While Little Bushman's sound is still rooted in late-60s-era blues rock, for the new album the influence of their orchestral forays with Psathas have rubbed off on their songwriting and it gave them the confidence to add strings, choirs (there's a kids' chorus on Gone), and other instruments to the mix.
"And we didn't just want to be a drum, bass, guitar band. Even Rick, a real purist when it comes to the drums who is a fantastic melodic player, he made the exception and put chains, stones and rice all over his kit.
"So having these other things under your belt just broadens your vocabulary a bit - and it has definitely added to our musical quiver."
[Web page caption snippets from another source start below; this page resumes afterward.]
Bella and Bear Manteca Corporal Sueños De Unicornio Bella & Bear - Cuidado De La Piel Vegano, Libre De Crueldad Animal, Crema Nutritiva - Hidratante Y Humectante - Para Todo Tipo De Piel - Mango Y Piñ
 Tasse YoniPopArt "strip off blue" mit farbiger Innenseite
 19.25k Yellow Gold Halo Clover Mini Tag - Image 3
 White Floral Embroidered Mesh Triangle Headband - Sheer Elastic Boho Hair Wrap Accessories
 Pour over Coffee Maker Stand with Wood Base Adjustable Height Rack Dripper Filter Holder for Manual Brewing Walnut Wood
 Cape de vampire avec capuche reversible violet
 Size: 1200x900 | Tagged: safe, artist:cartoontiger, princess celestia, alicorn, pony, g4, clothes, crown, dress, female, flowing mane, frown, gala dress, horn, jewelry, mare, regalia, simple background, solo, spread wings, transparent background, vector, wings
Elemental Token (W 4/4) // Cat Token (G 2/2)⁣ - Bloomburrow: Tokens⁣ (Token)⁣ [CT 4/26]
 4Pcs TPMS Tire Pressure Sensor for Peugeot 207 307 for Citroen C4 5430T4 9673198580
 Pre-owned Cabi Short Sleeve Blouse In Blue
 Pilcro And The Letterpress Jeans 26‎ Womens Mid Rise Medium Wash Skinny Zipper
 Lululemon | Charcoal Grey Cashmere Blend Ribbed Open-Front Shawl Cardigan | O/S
The new songs started surfacing during the recording of previous album Pendulum from 2007. The six songs - two of which are in two parts making eight tracks all up - were honed over the course of 18 months at Maxwell's Stonefeather recording studio in Featherston.
"That, my friend, was painstaking," he laughs. "And at times it was like, 'Come on guys it's just a song'."
The thing is, with Little Bushman a song is never just a song. While they are catchy, they are long, sprawling epics with multiple parts and a scorching wildness to them.
"That only comes from a lot of thought and a lot of energy. And [with] this album in particular we were able to spend time going deep into songs. And this is the first album where all four of us as Bushman have gone deep, and there have been a few heated debates and I think that's how you get the good stuff [by] debating and fighting it out."
One of the stand-outs is Big Man, a sinister and heavy song with the dark mantra "Never let a big big man point a gun at Grandma's head" running through it. It was inspired by the police terrorist raids in Ruatoki in the Bay of Plenty during 2007.
Yes, though it was a while ago now Maxwell says he wanted the song to reinforce the anger and humiliation the people of Ruatoki felt after the raids.
"The main kaupapa at putting a song like that out there is to remind ourselves that these things happen in this beautiful little paradise of a country, and it's almost a poke at how apathetic we can be sometimes. Because politicians sweep things under the carpet by covering it up with some other story and because we are so busy with paying our bills and everyday life, we forget these things happen. Using the Terrorism Suppression Act to facilitate that raid was completely wrong."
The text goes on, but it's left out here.